Countries with a commitment under the Kyoto Protocol buy CERs to cover a portion of their emission reduction commitments under the Treaty. There are currently more than 860 registered CDM projects in 49 countries, and about another 2000 projects in the project registration pipeline. The CDM is expected to generate more than 2.6 billion CERs by the time the first commitment period of the Kyoto Protocol ends in 2012, each equivalent to one tonne of carbon dioxide.
Fact sheet: Individual decisions taken at Bali to further implement the existing commitments of Parties to the UNFCCC
Governments decided that funding for adaptation projects in developing countries,
financed by the Kyoto Protocol’s clean development mechanism (CDM), would begin under the management of the Global Environment Facility (GEF). This ensures that the Adaptation Fund will become operational in an early stage of the first commitment period of the Kyoto Protocol (2008- 2012). The fund is filled by means of a 2% levy on CDM projects. Currently the fund is worth about 37 million euros. Considering the amount of CDM projects in the pipeline, this figure will rapidly increase to an estimated 80- 300 million USD in the period 2008-2012. The governments
could not agree on additional practical adaptation measures, such as how to integrate adaptation into national policies. This issue will be on the agenda of the next meeting of the so called Subsidiary Body for Scientific and Technical Advice in Bonn in June of 2008.
The Bali Conference also made important progress on the issue of technology, one of the key concerns of developing countries. Governments agreed to kick start strategic programme to scale up the level of investment for the transfer of both the mitigation and adaptation technologies that developing countries need. The aim of that programme is to give an extra push to concrete demonstration projects, to create more attractive environments for investment, as well as to provide incentives to the private sector for technology transfer. The GEF will start setting up this programme together with international financial institutions and representatives of the private financial sector.
Parties also agreed to extend the mandate of the Expert Group on Technology Transfer
for a further five years. The Expert Group has been asked to pay particular attention to the assessment of gaps and barriers to the use of, and the access to, financing resources.
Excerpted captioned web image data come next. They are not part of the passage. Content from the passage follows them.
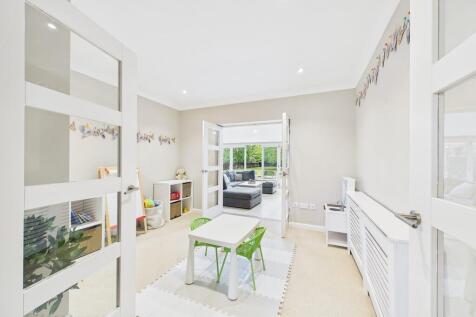 CAM01689G0-PR0495...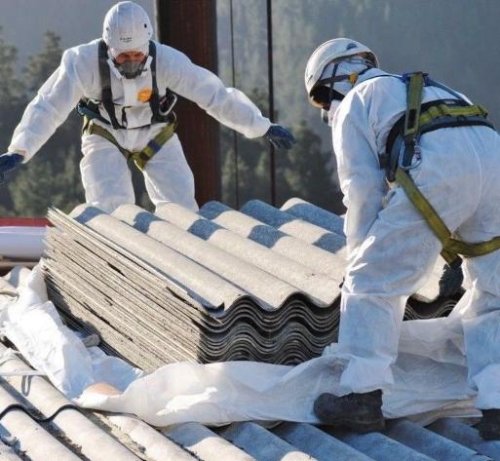Una delle fasi di bonifica amianto propedeutiche al rilascio del certificato di restituibilit&agrave;.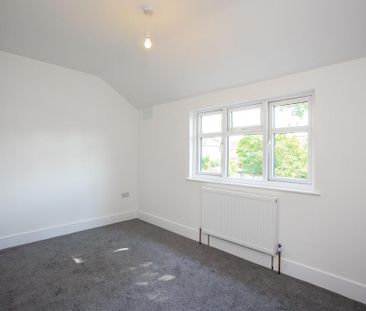 3 bedroom end of terrace house to rent - Photo 5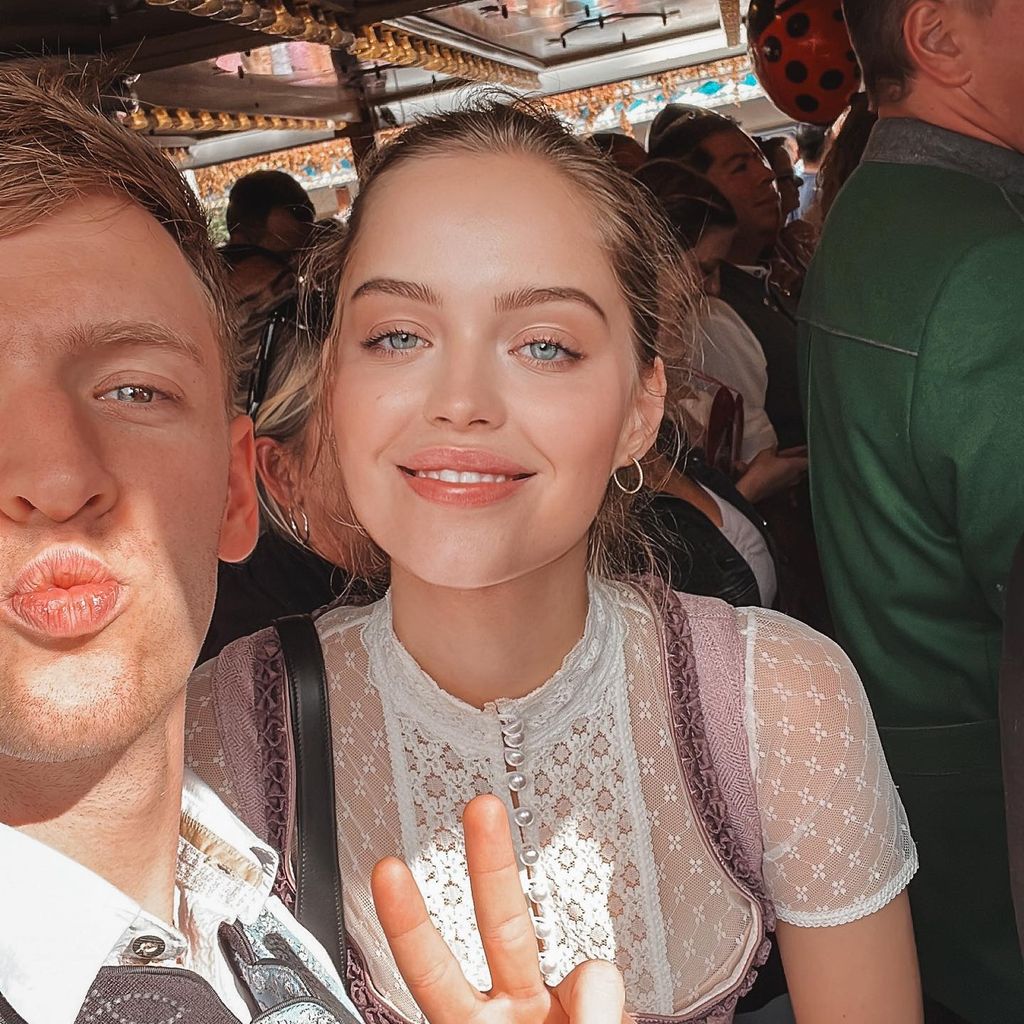 Timur Bartels mit seiner Freundin Milena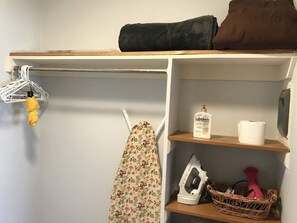 Apartamento galeria, 1 cama Queen e sofá-cama | 1 quarto, individualmente decorados, individualmente mobiliados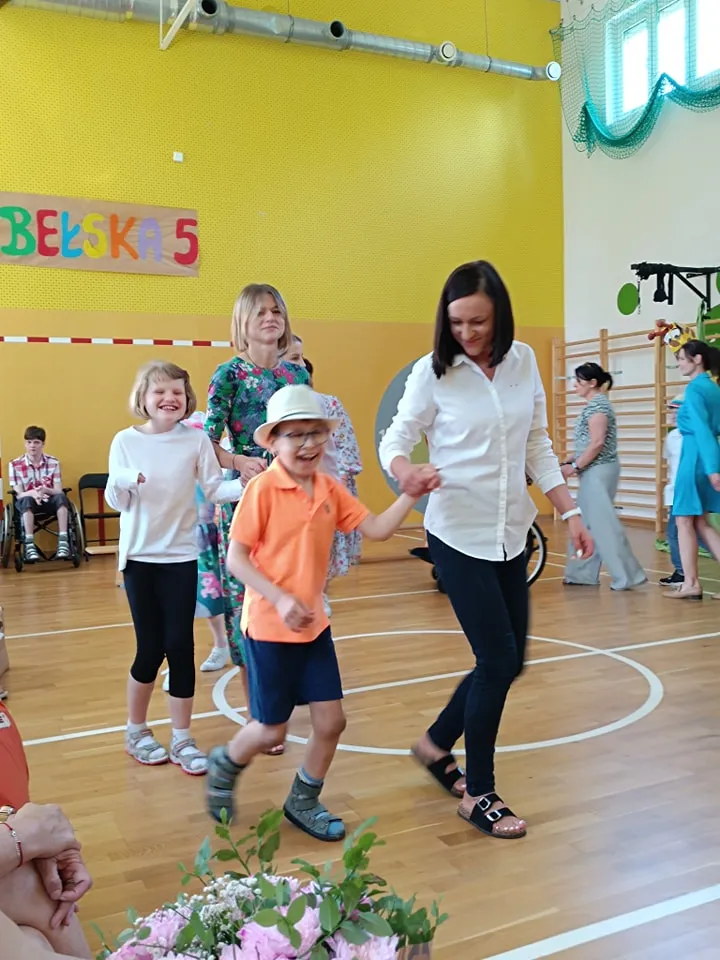 Uczniowie na zakończeniu roku szkolnego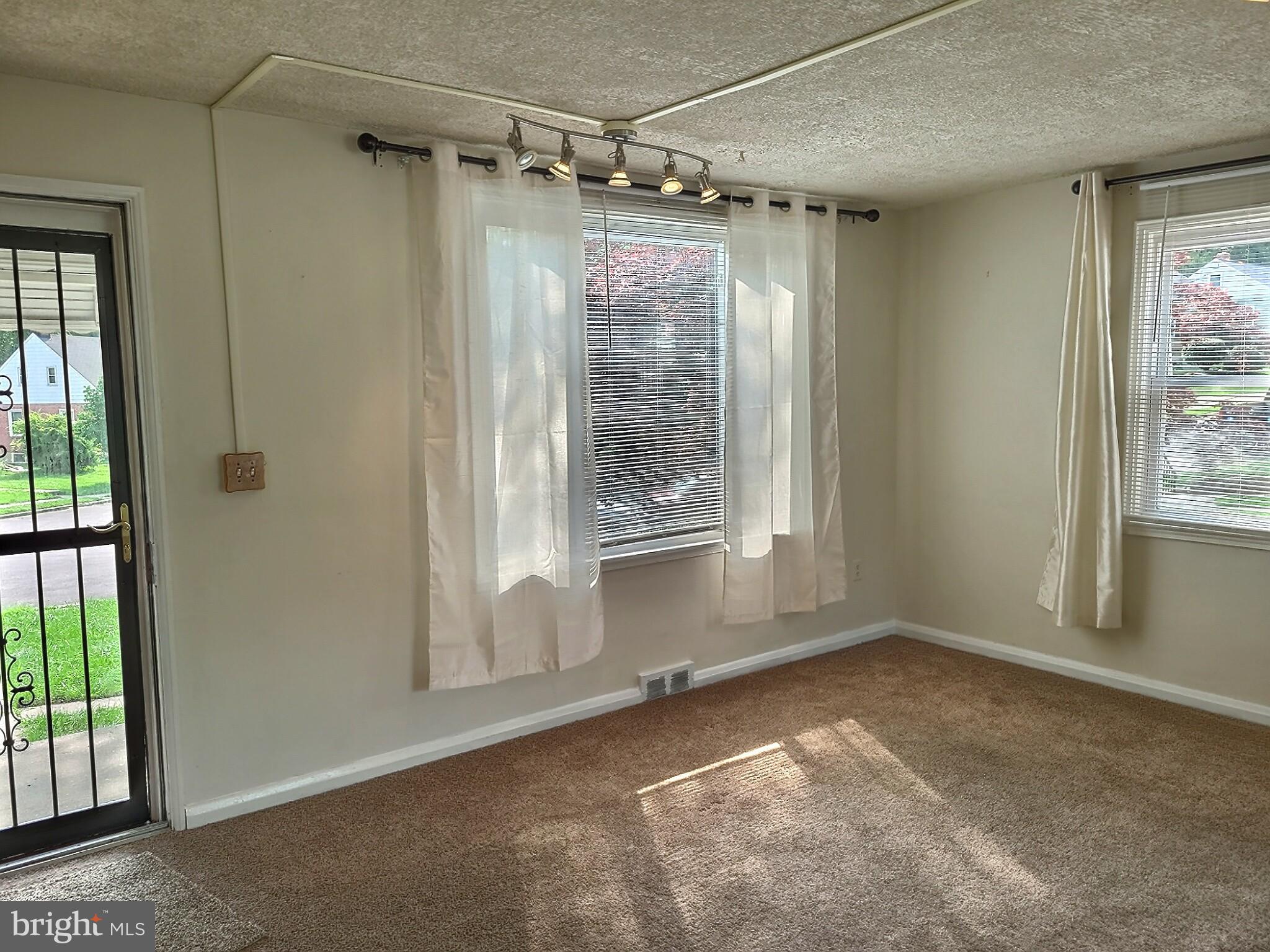 2901 Forest Glen Road Baltimore, MD 21216 - Photo 6 of 32 Gallery Image 6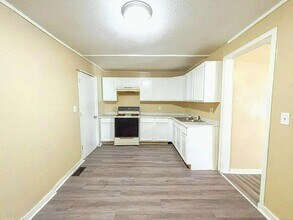 274 Leeds Ave in Indianapolis, IN - Building Photo - Building Photo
Furthermore, the Expert Group will start working on performance indicators that can be used to regularly monitor and evaluate progress on the development, deployment and transfer of environmentally sound technologies. The work of the Expert Group provides important input into the discussions on technology transfer for the new post-2012 climate change deal.
“Reducing emissions from deforestation in developing countries” (REDD) was a key issue
at Bali. Parties affirmed the urgent need to take further meaningful action to reduce emissions from deforestation and forest degradation and adopted a work programme for further methodological work. That programme will focus, for example, on assessments of changes in forest cover and associated green house gas emissions, methods to demonstrate reductions of emissions from deforestation and the estimation of the amount of emission reductions from deforestation. The decision furthermore encourages
Parties to support capacity building and to undertake efforts, including demonstration activities, to address the drivers of deforestation. This is important to address the needs of local and indigenous communities who depend on forests for their livelihoods. Deforestation is regarded to be an important component of a future climate
change regime beyond 2012 - in both mitigation and adaptation strategies.